Abstract

We have proposed a detection method of fault-prone modules based on the spam filtering technique, “Fault-prone filtering.” Fault-prone filtering is a method which uses the text classifier (spam filter) to classify source code modules in software. In this study, we propose an extension to use warning messages of a static code analyzer instead of raw source code. Since such warnings include useful information to detect faults, it is expected to improve the accuracy of fault-prone module prediction. From the result of experiment, it is found that warning messages of a static code analyzer are a good source of fault-prone filtering as the original source code. Moreover, it is discovered that it is more effective than the conventional method (that is, without static code analyzer) to raise the coverage rate of actual faulty modules.

1. Introduction

Recently, machine learning approaches have been widely used for fault-proneness detection [1]. We have introduced a text feature-based approach to detect fault-prone modules [2]. In this approach, we extract text features from the frequency information of words in source code modules. In other words, we construct a large metrics set representing the frequency of words in source code modules. Once the text features are obtained, the Bayesian classifier is constructed from text features. In the fault-prone module detection of new modules, we also extract text features from source code modules, and Bayesian model classifies modules into either fault-prone or nonfault-prone. Since less effort or cost needed to collect text feature metrics than other software metrics, it may be applied to software development projects easily.

On the other hand, since this approach accepts any input with text files, the accuracy of prediction could be improved by selecting appropriate input other than raw source code. We then try to find another input but source code. In this study, we use warning messages of a static code analyzer. Among many static code analyzers, we used PMD in this study. By replacing the input of fault-prone filtering from raw source code to warning messages of PMD, we can get the results of prediction by PMD and fault-prone filtering.

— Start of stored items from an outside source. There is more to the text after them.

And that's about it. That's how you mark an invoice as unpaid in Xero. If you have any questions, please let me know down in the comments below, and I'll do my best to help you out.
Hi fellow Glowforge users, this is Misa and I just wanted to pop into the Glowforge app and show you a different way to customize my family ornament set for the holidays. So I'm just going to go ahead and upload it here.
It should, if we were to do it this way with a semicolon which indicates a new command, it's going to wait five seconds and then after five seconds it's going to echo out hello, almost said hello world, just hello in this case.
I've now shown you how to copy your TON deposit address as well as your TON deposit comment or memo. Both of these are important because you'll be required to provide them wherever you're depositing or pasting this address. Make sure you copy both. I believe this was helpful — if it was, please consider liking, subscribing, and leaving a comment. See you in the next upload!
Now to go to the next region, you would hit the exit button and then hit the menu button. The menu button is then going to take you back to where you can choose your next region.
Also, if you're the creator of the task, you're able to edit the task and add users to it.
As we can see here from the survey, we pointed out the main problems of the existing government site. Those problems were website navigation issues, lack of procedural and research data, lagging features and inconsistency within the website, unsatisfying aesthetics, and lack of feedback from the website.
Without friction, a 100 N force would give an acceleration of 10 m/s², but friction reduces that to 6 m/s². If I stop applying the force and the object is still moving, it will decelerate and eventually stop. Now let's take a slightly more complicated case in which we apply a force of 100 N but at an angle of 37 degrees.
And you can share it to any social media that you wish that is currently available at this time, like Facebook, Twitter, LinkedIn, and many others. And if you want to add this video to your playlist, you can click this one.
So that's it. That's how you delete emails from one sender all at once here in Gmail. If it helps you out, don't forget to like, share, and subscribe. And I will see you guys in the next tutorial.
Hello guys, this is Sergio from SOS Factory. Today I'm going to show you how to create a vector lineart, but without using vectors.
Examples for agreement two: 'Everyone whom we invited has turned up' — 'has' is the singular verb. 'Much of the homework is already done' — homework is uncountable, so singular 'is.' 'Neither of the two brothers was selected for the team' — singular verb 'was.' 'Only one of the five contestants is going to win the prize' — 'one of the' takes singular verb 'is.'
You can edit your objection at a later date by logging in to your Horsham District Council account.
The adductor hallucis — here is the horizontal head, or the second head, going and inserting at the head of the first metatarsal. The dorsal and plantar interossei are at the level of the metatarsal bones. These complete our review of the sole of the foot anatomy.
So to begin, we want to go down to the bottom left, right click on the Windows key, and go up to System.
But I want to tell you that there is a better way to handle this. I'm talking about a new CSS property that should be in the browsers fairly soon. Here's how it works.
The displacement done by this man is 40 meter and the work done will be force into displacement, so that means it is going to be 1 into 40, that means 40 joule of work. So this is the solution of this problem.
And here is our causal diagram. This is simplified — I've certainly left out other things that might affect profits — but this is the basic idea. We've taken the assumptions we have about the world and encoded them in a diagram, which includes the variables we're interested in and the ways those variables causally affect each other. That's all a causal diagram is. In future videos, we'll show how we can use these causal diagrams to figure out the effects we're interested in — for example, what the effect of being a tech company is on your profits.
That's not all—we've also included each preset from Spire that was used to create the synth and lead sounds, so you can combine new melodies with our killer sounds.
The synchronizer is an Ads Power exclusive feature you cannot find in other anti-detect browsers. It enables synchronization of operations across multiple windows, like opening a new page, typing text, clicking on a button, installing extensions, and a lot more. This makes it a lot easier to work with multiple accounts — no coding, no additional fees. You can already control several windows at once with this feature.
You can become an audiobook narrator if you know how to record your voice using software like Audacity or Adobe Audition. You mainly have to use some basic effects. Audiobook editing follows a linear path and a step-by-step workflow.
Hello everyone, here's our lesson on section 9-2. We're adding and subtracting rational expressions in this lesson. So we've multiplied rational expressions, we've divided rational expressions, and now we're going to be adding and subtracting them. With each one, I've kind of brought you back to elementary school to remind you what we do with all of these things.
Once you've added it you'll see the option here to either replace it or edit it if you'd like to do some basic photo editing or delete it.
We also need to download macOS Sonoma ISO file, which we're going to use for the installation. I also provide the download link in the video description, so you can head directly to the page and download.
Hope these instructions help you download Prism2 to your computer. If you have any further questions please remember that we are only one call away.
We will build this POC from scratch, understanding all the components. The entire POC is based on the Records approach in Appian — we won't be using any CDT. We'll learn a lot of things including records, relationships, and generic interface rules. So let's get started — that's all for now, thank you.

The rest of this paper is organized as follows. Section 2 describes the objective of this research. Section 3 shows a brief summary of the fault-prone filtering technique with PMD. In Section 4, the experiments conducted in this study are described. Section 5 discusses the result of the experiments. Finally, Section 6 concludes this study.

2. Objective

2.1. Fault-Prone Module Filtering

The basic idea of fault-prone filtering is inspired by the spam mail filtering. In the spam e-mail filtering, a spam filter first trains both spam and ham e-mail messages from the training data set. Then, an incoming e-mail is classified into either ham or spam by the spam filter.

This framework is based on the fact that spam e-mail usually includes particular patterns of words or sentences. From the viewpoint of source code, a similar situation usually occurs in faulty software modules. That is similar faults may occur in similar contexts. We thus guessed that similar to spam e-mail messages, faulty software modules have similar patterns of words or sentences. To obtain such features, we adopted a spam filter in fault-prone module prediction.

In other words, we try to introduce a new metric as a fault-prone predictor. The metric is “frequency of particular words.” In detail, we do not treat a single word, but use combinations of words for the prediction. Thus, the frequency of a certain length of words is the only metric used in our approach.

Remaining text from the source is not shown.